Le début de l’histoire est celle d’un fils d’immigrés russes juifs, harcelé par son père du côté du piano, adoré par sa mère et ses sœurs, caché pendant l’occupation, rejeté par les filles à cause de sa laideur.
La suite est ce que le môme Lucien tirera de tout cela pour devenir Serge Gainsbourg : une star qui dynamite la chanson française, se balade le nez au vent dans sa Rolls-Royce, les plus belles femmes du monde lovées contre lui. Joann Sfar montre comment, pour en arriver là, le bonhomme a été poussé par un formidable élan de vie et surtout un incommensurable désir de plaire.
Il commence à exister par le dessin, puisque, face aux exigences paternelles, il a décidé qu’il n’aimait pas le piano. Et c’est lors d’une séance de dessin à l’Académie de Montparnasse qu’il séduit une femme pour la première fois. Il n’est encore qu’un gamin, mais armé d’une audace, d’une obstination, d’un bagout et d’un talent hors du commun : il la séduit en deux secondes.
Une poignée d’années plus tard, poussé par son démon-ange gardien (c’est toute l’ambiguïté de son double Gainsbourg, la marionnette surgissant à tout moment dans le film), qui lui montre le chemin du succès et de l’argent (faciles), il choisit la chanson. Les femmes sont comme aimantées.
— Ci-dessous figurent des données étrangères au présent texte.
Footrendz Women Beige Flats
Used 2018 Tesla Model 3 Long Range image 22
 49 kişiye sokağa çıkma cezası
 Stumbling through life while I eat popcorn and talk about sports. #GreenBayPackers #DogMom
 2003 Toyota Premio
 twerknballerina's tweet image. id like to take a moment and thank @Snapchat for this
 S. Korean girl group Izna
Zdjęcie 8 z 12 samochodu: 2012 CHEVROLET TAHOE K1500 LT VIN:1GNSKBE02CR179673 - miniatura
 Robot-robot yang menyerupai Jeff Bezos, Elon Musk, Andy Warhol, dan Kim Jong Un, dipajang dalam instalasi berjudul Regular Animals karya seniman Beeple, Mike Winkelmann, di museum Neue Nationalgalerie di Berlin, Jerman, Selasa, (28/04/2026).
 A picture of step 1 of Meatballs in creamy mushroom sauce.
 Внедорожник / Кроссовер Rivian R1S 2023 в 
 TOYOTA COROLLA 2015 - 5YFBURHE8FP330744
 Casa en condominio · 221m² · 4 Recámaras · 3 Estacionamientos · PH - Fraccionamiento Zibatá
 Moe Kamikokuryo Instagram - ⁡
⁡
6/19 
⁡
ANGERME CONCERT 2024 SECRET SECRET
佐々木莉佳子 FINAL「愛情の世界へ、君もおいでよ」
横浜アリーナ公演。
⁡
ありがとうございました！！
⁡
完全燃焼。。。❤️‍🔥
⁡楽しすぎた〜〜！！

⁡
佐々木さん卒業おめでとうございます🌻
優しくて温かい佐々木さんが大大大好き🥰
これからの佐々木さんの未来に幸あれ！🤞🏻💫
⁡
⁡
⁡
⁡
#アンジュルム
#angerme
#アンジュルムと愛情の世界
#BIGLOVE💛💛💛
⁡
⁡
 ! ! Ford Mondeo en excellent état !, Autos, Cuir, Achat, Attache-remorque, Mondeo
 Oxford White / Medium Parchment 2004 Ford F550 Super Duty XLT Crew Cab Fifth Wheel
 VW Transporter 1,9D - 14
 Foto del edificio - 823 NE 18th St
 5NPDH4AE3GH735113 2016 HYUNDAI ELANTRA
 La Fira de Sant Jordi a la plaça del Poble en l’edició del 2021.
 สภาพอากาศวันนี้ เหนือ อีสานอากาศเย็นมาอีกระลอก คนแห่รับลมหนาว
Et il fait chanter les plus belles, Gréco, Bardot, Birkin…
Musicien de génie, as de la provocation (mais qui a ses raisons : il faut voir le gamin parler aux policiers lorsqu’il va chercher son étoile jaune pendant la Guerre, puis, des décennies plus tard, balancer un bras d’honneur aux Paras en furie à la fin de sa Marseillaise), le Gainsbourg de Joann Sfarr est aussi un homme blessé et émouvant, qui a aimé follement – magnifiques séquences avec Laetitia Casta en Bardot plus magnétique que jamais -, souffert tout autant, mais toujours gardé une élégance incroyable. Le comédien Eric Elmosnino l’incarne d’une façon presque troublante, en interprétant de surcroît avec une grande justesse certaines des chansons, choisies parmi les meilleures du grand Serge.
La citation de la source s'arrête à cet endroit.